We have all been there. Over and over and over again.

When we tell our friend of a deployment approaching, or a stranger finds out our spouse is overseas, or when a friend of a friend of an acquaintance at some party seems to believe that she can "relate" because her boyfriend goes on week-long hunting trips and leaves her behind a few times a season.

Okay, deep breath.

I am a talker. I will talk to just about anyone.

It's not always a good thing.

like to get to know new people, to hear their stories. In a conversation with a new person I am always going to try to find some common ground - something we can both agree on, or have been through, or have an interest in. So to a point, I get it. People don't know what they are saying. They are trying to let us know that they can feel how we are feeling. That they can sympathize. I truly believe that a person's heart is in the right place when they say certain things. People do not think before they speak - or they honestly think that making their life similar to ours provides comfort and understanding.

It doesn't.

"Oh your husband is deployed? I know how you feel, my husband travels for business all the time."

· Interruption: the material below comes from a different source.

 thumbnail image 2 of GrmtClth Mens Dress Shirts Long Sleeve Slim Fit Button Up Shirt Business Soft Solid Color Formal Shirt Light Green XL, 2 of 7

"Ugh! You have to tell him goodbye? I know just how you feel, my boyfriend goes to grad school an hour away. I only get to see him on weekends. I hate telling him goodbye on Sunday!"

Okay.

A twelve-month deployment - or any deployment, really - is not the same as your significant other going on a business trip for any period of time.

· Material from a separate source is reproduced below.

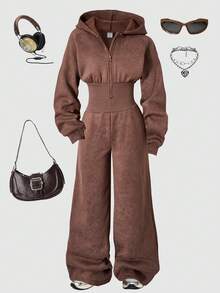 SHEIN ChillGRL 女童白色和灰色连帽拉链休闲运动卫衣和高腰抓绒裤套装 - 棕色 - 查看 3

Watching the father of your children kissing them goodbye, having him kiss you goodbye, knowing that that may never, never happen again is in no way in the simplest universe the same as telling a boyfriend goodbye for the week while he goes to school.

A COMBAT deployment - where you live every single moment of e-v-e-r-y single day praying that no one knocks on your door, wondering if the baby you are holding will get to meet his father, wondering what happens if the love of your life - a strong, able-bodied man - calls you to tell you he has lost his legs, or if you are told that you need your passports ready to go because they are flying you to Germany because they don't think he will make it to the states for you to say good-bye, living a year fearing the phone, losing your breath any time someone rings your doorbell - in no way equates to a business trip, no matter how long.

My husband spent nearly twelve months LIVING with Afghans, in an Afghan facility, outnumbered beyond imagination. I lived in fear every day that someone would turn on him. That he would walk through a door and would be shot, or stabbed, or blown up before he had time to think. It gave me nightmares. It nearly drove me insane at times.

That is not the same as a business trip, or a hunting trip, or your significant other going on vacation without you.

You can feel for us. You can respect us. You can empathize with how hard this life must be. You can pray for us. You can squeeze our hands. You can even give us your tears.

But unless you have lived it, you cannot relate to us. You cannot compare.

To do so belittles the sacrifice of the military family. Belittles what we face - day in and day out. Belittles the very real fear of losing your spouse.

The two are not the same. It doesn't help us to say they are. There just is no comparison.